But it is of some significance that Russolo’s instruments, and Russolo’s music, are not remembered outside the cadre of artists and musicologists who venerate his movement. While he did, accurately, predict the shape of music to come — which is now composed of an infinite variety of synthesized and recorded sound far beyond the range of the voice and the orchestra — his was only an initial provocation. His music was an inarticulate beginning, a testing ground for new tools, in which the nature of the tool seemed more fascinating than exactly what it was producing. AGGRO DR1FT might be described in similar terms. The film is most remarkable for its method of capture: the entire thing is shot with thermal cameras, which — after being run through 3D imaging software — renders the entire film in a semi-digital haze of yellows, reds, blues; as though the constant sunsets of Korine’s The Beach Bum had spilled into the camera itself. Here is a neon Miami, in which characters wade through color, themselves silhouettes, recognized by superficial markers: the wraparound sunglasses of Jordi Mollà’s Bo; the box braids of Travis Scott’s Zion; or the lustrously bald head of archdemon Toto. We are abstracted from the actors’ performances; we recognize these people as pegs, as symbols, rather than as fully formed human beings. So much of the film operates on a similarly vague register. We might attempt a gloss of the narrative, which is expressed so obscurely that almost every critic seems to have an entirely different understanding of the film’s plot. In the view of this critic: the film follows Bo, a master assassin, who is at odds with his work. He is tasked with killing Toto, presumably some rival crime lord to his employer. Before doing so, he meets with Zion, who might be his apprentice; the two of them speak equivocally about Julius Caesar and betrayal. A forked tongue slithers from Zion’s mouth, but it is Bo who turns traitor: he rebels against his employer and, in the name of Total Justice, fulfills his final contract as a moral obligation rather than financial exchange. A wife and family await him at home: all he does, he does for them. A familiar-sounding arc, however challenging it is to grasp in the moment. Korine takes his archetypes, and situates them in an archetypal story; AGGRO DR1FT is designed to shed character, and shed narrative. It is the remaining effect that interests Korine.
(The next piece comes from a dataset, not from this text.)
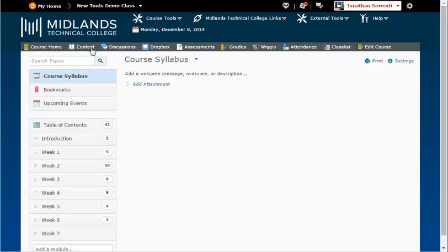Every course in D2L Brightspace will have a course syllabus section. The course syllabus is where the course department syllabi should be placed. Placing the syllabi in this consistent location will help students quickly locate needed information.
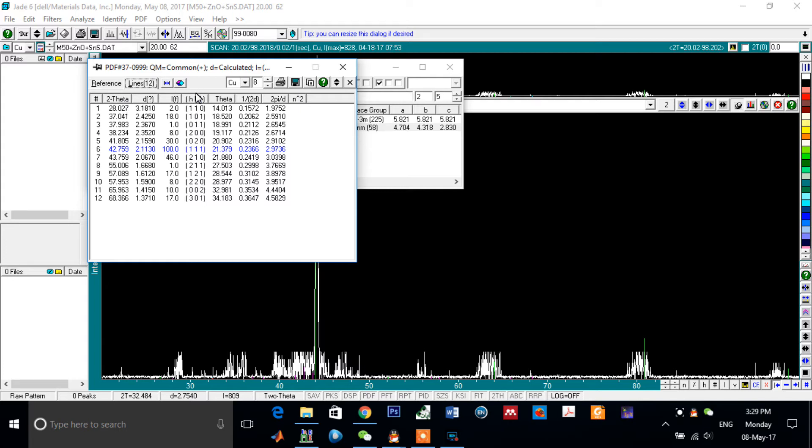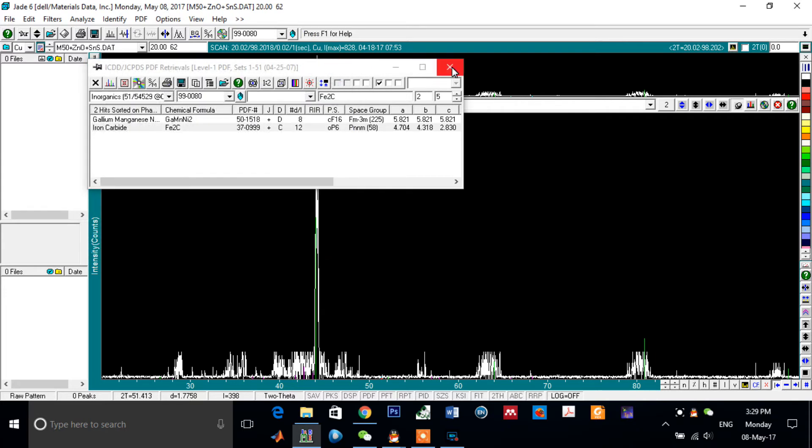HKL of the peaks, of these peaks, according to 2 Theta, as you can see from this window. Now close it.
Which brings his film to an unusual shore. Much has been mumbled regarding the video game influences of AGGRO DR1FT. Often is Grand Theft Auto the go-to comparison, but this selection seems to belie a misunderstanding of how Grand Theft Auto looks, feels, plays. While both AGGRO DR1FT and GTA share a gangland setting, and a generally vulgar sense of humor, it is there that the similarities promptly end. In aesthetic terms, the film has more in common with the likes of DOOM, or Diablo, with red-strewn palettes and a profusion of demonic imagery. While there is a sense of the video game aesthetic in AGGRO DR1FT, it would be inaccurate to marry it specifically to any one title. Rather than Grand Theft Auto, it would be fair to place AGGRO DR1FT much closer to the twirling-era films of Terrence Malick, a director who has affected a not inconsiderable influence throughout Korine’s career. Indeed, Korine and Malick might represent cinema’s oddest couple: Korine recently revealed that Malick has written him a script, and it was only this that could tempt him back to “conventional” filmmaking. Like Malick’s middle period, Korine also eschewed a traditional script for AGGRO DR1FT; like Malick, he arranges his film as an overlapping series of voiceover monologues; he cuts narrative presence so profoundly as to render a film with an arc but without a story; and he positions a protagonist who will reject nature (the infinite kill-cycle of video-game Miami) and seek grace (the wife and the kids; not so far from a traditional Malick finale). But to pair these filmmakers is also to recognize their polarity: Malick chases the sublime, and Korine the ridiculous. In Malick’s middle films, scenes of debauch are often weirdly stilted, or aesthetically inert; Korine is excellent at authentic dissipation, but himself struggles in reaching the higher impulses. AGGRO DR1FT’s improvised dialogue proves as much: these characters can do nothing but repeat aphorisms, so curtly stated as to find banality in every instance. This critic does not think this is a nihilistic film as so many critics have labeled it, nor an ironic one. Funny, vulgar, and ridiculous — yes. But not ironic. This is an earnest film, wearing a fluorescent dress.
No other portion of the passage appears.